Blog

What Big Data’s past tells you about Big Data’s future

big data past big data futureTurn the clock back to 1997. Tony Blair had succeeded John Major after a landslide election victory, the Spice Girls had three Number One hit singles, and the television series Teletubbies first aired. Oh yes — and the world first heard the phrase ’Big Data’.

The context? The realisation that datasets were starting to outstrip not only core memory and local disk storage, but even remote disk storage. So, as the authors of the IEEE paper in question concluded: “We call this the problem of big data.”

And after that first mention of Big Data as a problem, more and more observers came to the same conclusion. In a 1999 paper on data visualisation, for instance, a group of NASA and MIT scientists also used the term ‘Big Data’, stating that:

“Very powerful computers are a blessing to many fields of inquiry. They are also a curse; fast computations spew out massive amounts of data… As more than one scientist has put it, it is just plain difficult to look at all the numbers. And as Richard W. Hamming, mathematician and pioneer computer scientist, pointed out, the purpose of computing is insight, not numbers.”
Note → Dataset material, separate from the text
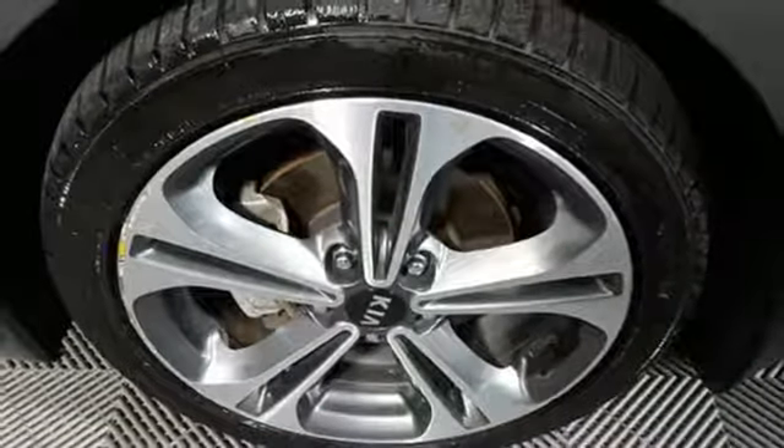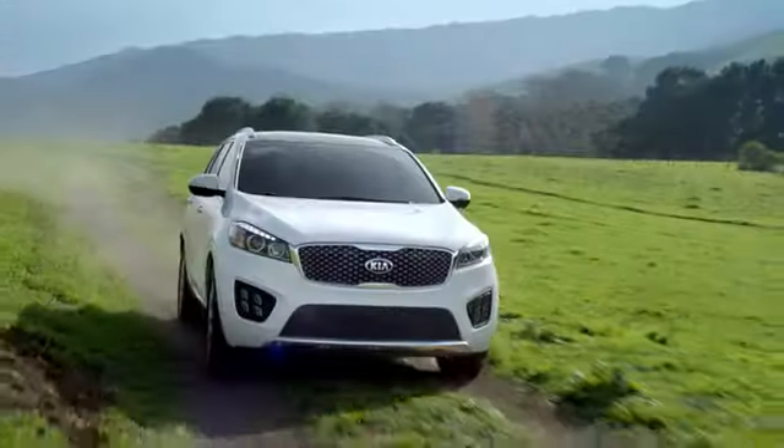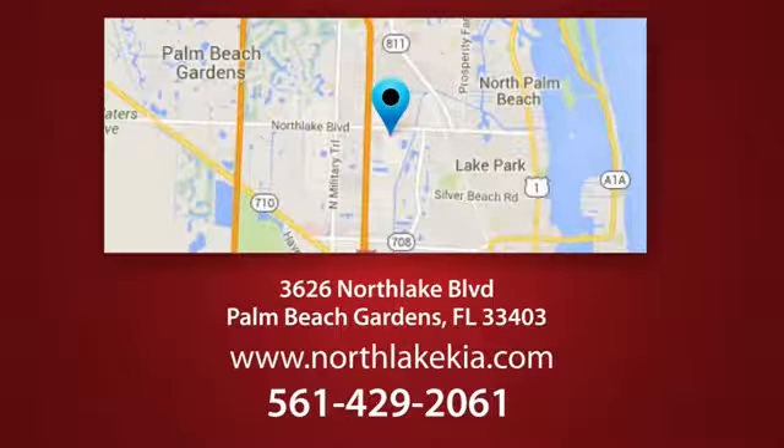You need to drive it to believe it. See it for yourself today. Napleton North Lake Kia is the place to find the best and most affordable pre-owned vehicles. Call, click or stop in today. We're located at 3626 North Lake Boulevard in Palm Beach Gardens.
Big Data as a problem? Big Data as a curse? Not surprisingly, like the Spice Girls and Teletubbies, such views now seem a little dated.

So what’s changed?

Technology, for one thing. Because instead of being the cause of our Big Data ‘problem’, it has evolved to give us an unparalleled ability to process gigantic data sets, as well as create them.

On the desktop, for instance, we’ve gone from 16-bit computing, to 32-bit computing, and now 64-bit computing.

PC storage, too, has changed immensely. Back in the mid-1990s, 500mb hard drives were state of the art — and far from cheap. Today, the computer on which these words are being typed has a one terabyte drive — over 2,000 times larger — which is a commodity computer component obtainable for about £50. A four terabyte drive costs about £120.

 

big data computer storage

Increased computer storage has redefined the way we can handle Big Data

 

Away from the desktop, while the mainframe has continued its steady decline, we’ve seen massed banks of state-of-the-art servers located in the Cloud, containing ever-faster processors, and coupled to ever-larger storage capacities.

Moreover, in-memory computing means that increasingly large data sets can be analysed in lightning-fast on-board RAM, rather than through slow disk-based I/O processes.

Or, put another way, what used to be a problem has now become something rather more interesting.

Better analytics

Why? Because, almost twenty years on, it’s clear that Big Data has become much more of a practical proposition in terms of analytics and visualisation.

Not simply because technology lets us work more easier with data sets of Big Data proportions, but because we now have analytics tools that we didn’t have twenty years ago.

‘Machine learning’ is a very practical proposition, for example. What’s that? At its simplest, throwing a dataset at a computer, and telling it to look for relationships and correlations.

 

big data analytics tools

We now have access to better, and cheaper, Big Data analytics tools

 

In other words, rather than come up with a theory, and looking to the data for corroboration, we’re now capable of asking the data to suggest the theories in the first place.

The cost of Big Data analytics has sharply reduced, as well. For data scientists in the fields of science, engineering and economics, for instance, there’s ‘R’, an open-source statistical programming language, found in almost every university in world — and free.

And while some businesses also use R, many more make use of the inexpensive commercial analytics tools offered in conjunction with Cloud servers on a ‘software as a service’ basis.

Put another way, whatever a business’s Big Data challenge is, the cost of the analytics tools required to solve it almost certainly won’t be a problem.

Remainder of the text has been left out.